Rich Klein – President/Founder, Trail Hero

I’m so glad that finally BLM and Forest Service will be required to make the same kind of accommodations that every business and other government agencies have complied with for years not only because it’s the law, but it’s the right thing to do. We’ve been continuously frustrated when we submit comments representing disabled and elderly members, and BLM either does not respond or does not respond affirmatively.

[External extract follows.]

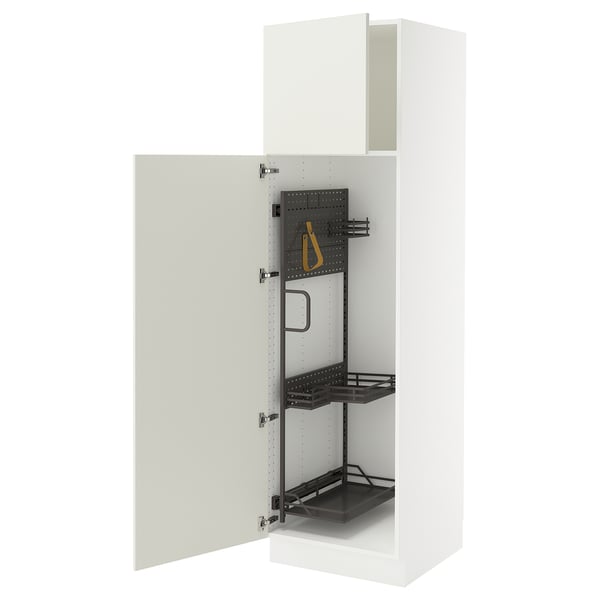 SEKTION High cabinet/pull-out int fittings, white/Veddinge white, 24x24x80 "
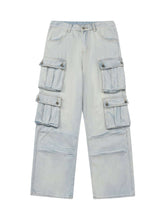 Vintage Washed Multi pocket Work Jeans Streetwear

Loren Campbell, President, Utah Public Lands Alliance

As a pediatric cancer survivor with a completely reconstructed left leg, I thought my ability to enjoy the outdoors would be severely limited for the rest of my life. When I was introduced to recreational off-roading in my late 20’s, it felt like I was being given a huge part of my life back. I had the freedom and ability to explore and see places I would never have been able to see on my reconstructed left leg, due to its fragility and constant pain I live with. The Outdoor Americans with Disabilities Act is crucial to protecting access to the outdoors to those with disabilities – something we, as disabled Americans, shouldn’t have to worry about losing again. We all deserve the right to enjoy the outdoors, regardless of our physical circumstances, and protecting our accessibility to these places is life-saving to people like me.

Chelsie Carr, EZ Flate

As President of UTV Utah, one of the largest off-road groups in the state representing over 50,000 families, I strongly support the Outdoor Americans with Disabilities Act. This crucial legislation will ensure that individuals with disabilities are not excluded from the benefits of outdoor recreation on public lands. Our group has organized numerous rides for those with special needs, allowing them to experience the beauty of our public lands through motorized recreation. Without protected access to these roads and trails, many individuals with disabilities would be deprived of the chance to enjoy these natural spaces. The Act’s requirement for land management agencies to recognize motorized recreation as an important form of disability access is vital. We must safeguard this access to ensure that everyone, regardless of physical ability, can continue to enjoy the magnificent landscapes of Utah. I urge all stakeholders to support this essential legislation.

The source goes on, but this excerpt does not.